The reservoir was built behind the impressive dam erected on the Bistrita River between 1950 and 1960 according to the design of the engineer Dimitrie Leonida. The dimensions of the dam, a “weight dam” – i.e. height: 127m, length: 435m, base width: 119m – or its mass, i.e. 1,652,000 cubic metres of concrete, underline its massive features. The performance of the dam also ranks it among the most impressive dams in the country and in Europe: it is the larges dam of this kind and the third highest in Romania, and the ninth highest weight dam in Europe.
A further significant detail is that despite its massiveness, the dam is not a monolithic one as its inside is crisscrossed by kilometres of galleries, ventilation shafts and checking niches.
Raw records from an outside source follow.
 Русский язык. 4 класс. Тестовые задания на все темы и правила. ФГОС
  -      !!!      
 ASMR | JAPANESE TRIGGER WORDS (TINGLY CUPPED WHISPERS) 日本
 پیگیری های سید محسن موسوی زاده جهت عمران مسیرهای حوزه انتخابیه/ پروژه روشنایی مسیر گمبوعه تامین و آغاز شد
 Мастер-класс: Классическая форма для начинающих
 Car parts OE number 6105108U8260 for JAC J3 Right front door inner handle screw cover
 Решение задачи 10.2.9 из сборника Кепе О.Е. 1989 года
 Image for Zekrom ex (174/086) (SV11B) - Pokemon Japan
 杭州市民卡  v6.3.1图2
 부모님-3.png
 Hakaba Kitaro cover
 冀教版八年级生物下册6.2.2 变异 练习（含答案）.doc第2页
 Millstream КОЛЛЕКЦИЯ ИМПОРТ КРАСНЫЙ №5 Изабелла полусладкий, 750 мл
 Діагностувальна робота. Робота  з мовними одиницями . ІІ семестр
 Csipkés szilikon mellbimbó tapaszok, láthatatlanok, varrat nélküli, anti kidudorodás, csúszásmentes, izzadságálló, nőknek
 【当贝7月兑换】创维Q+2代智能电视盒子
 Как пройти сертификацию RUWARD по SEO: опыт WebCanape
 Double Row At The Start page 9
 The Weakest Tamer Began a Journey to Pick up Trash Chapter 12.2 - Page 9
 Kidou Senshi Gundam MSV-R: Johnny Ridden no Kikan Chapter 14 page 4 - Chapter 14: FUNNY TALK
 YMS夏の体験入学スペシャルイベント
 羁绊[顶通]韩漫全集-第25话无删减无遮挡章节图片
There are also many rooms inside the dam sheltering equipment such as video surveillance, earthquake monitoring, operating, and control. The water in the reservoir flows down to the Hydropower Station at Stejaru-Pângăraţi via a 4,655m-long and 7m in diameter feed tunnel, and then “falls” from 90m onto the turbine blades via two 4m-diameter pipes.
A wide variety of fish live in the reservoir: barbel, dace, huck, broad snout, roach, trout (indigenous, lake, and rainbow), bleak, gudgeon, bream, etc., and in Potoci there is a trout farm.
There are many accommodating facilities in the area and a variety of marine entertainment. Visitors can enjoy rowing boats or pedalling hydrobikes on the reservoir, which is the only one in Moldavia were one can practice a variety of nautical sports, from water ski to diving.